A refreshing and nutritious high-protein vegan smoothie made with avocado, spinach, and banana.


Ingredients

Scale
  • 1 banana (120g), ripe
  • 1/2 avocado (100g), peeled and pitted
  • 1 cup baby spinach (30g), fresh
  • 1/2 cup plain coconut yogurt (120g)
  • 1/2 lemon, juiced
  • 1 cup water (240ml)
  • 1 tablespoon agave syrup (15ml), optional for sweetness

Instructions

  1. Blend Greens & Avocado: Start by tossing the spinach and avocado into the blender. Watch as they blend into a vibrant green mix. Blend until smooth to ensure the richness is achieved.

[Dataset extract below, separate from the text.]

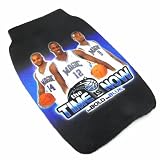Mobile sock "Nba".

Avoid under-blending, which may leave chunks in your smoothie.
  2. Add Protein & Liquid: Next, include your protein powder (if using) and the cup of water. The mixture will smell nutty and fresh. The liquid is crucial for combining the ingredients smoothly; do not skimp on it. If the mixture turns out too thick, you can adjust by adding a splash more water later.
  3. Include Banana & Sweetener: Add the banana and, if desired, a bit of agave syrup. Blend until the sweetness and creaminess meld beautifully. A ripe banana is essential to avoid introducing bitterness, so ensure it is ripe enough.
  4. Pulse for Smooth Consistency: Continue blending until the desired smoothness is achieved. The mixture should be creamy and luscious. If it does not blend well, break the banana into smaller pieces to facilitate better blending.
  5. Taste & Adjust Flavor: Taste your smoothie. You should have a nice balance of flavors. If the flavor is too bitter, a bit more sweetener can help. Use sweeteners sparingly, as excessive sweetness may overwhelm the flavors.
  6. Serve & Enjoy Fresh: Pour your smoothie into a glass and appreciate its beautiful green color. It should be thick, creamy, and inviting. Enjoy the smoothie right away; letting it sit too long can alter the texture and flavor.

Notes

  • Best consumed immediately but can be stored in the refrigerator for up to 24 hours in an airtight container.
  • If the smoothie is thicker than you prefer, add more water or a splash of plant-based milk to reach your preferred consistency.
  • For a sweeter taste, add a touch of maple syrup or a few pitted dates.
  • If the texture is not as smooth as desired, blend longer, and ensure ingredients are cut into smaller pieces beforehand.
  • Not applicable for smoothies.
  • Serve with chia seeds on top.
  • Add fresh blueberries as garnish.
  • Pair with a slice of whole grain toast for a complete meal.
  • For a tropical twist, replace the banana with mango.
  • Use almond milk instead of water for a creamier texture.
  • Add a handful of nuts for extra protein if desired.
  • Choose ripe avocados for better flavor and creaminess in the smoothie.
  • For yogurt substitutions, use almond yogurt or any dairy-free yogurt as needed.

Nutrition

  • Serving Size: 1 smoothie
  • Calories: 167
  • Sugar: 18g
  • Sodium: 53mg
  • Fat: 6g
  • Saturated Fat: 1g
  • Unsaturated Fat: 0g
  • Trans Fat: 0g
  • Carbohydrates: 28g
  • Fiber: 4g
  • Protein: 4g
  • Cholesterol: 1mg

Creamy Vegan Green Avocado Smoothie

Recipe Tips

  1. If the smoothie is thicker than you’d like, adding more water or a splash of plant-based milk can help achieve your preferred consistency.
  2. When the taste is too bitter, a sweetener like agave syrup or a riper banana can soften the flavors nicely.
  3. If the texture isn’t as smooth as desired, blending for a longer time and cutting ingredients into smaller pieces can solve the issue.
  4. For added protein, consider mixing in a scoop of vegan protein powder; this can easily boost your smoothie’s nutritional value.
  5. If you’re looking for extra sweetness, a touch of maple syrup or a few pitted dates can make the smoothie even more enjoyable.

Serving Suggestions

This smoothie pairs well with chia seeds sprinkled on top and fresh blueberries as a light garnish. Serve it alongside a slice of whole grain toast for a satisfying meal option.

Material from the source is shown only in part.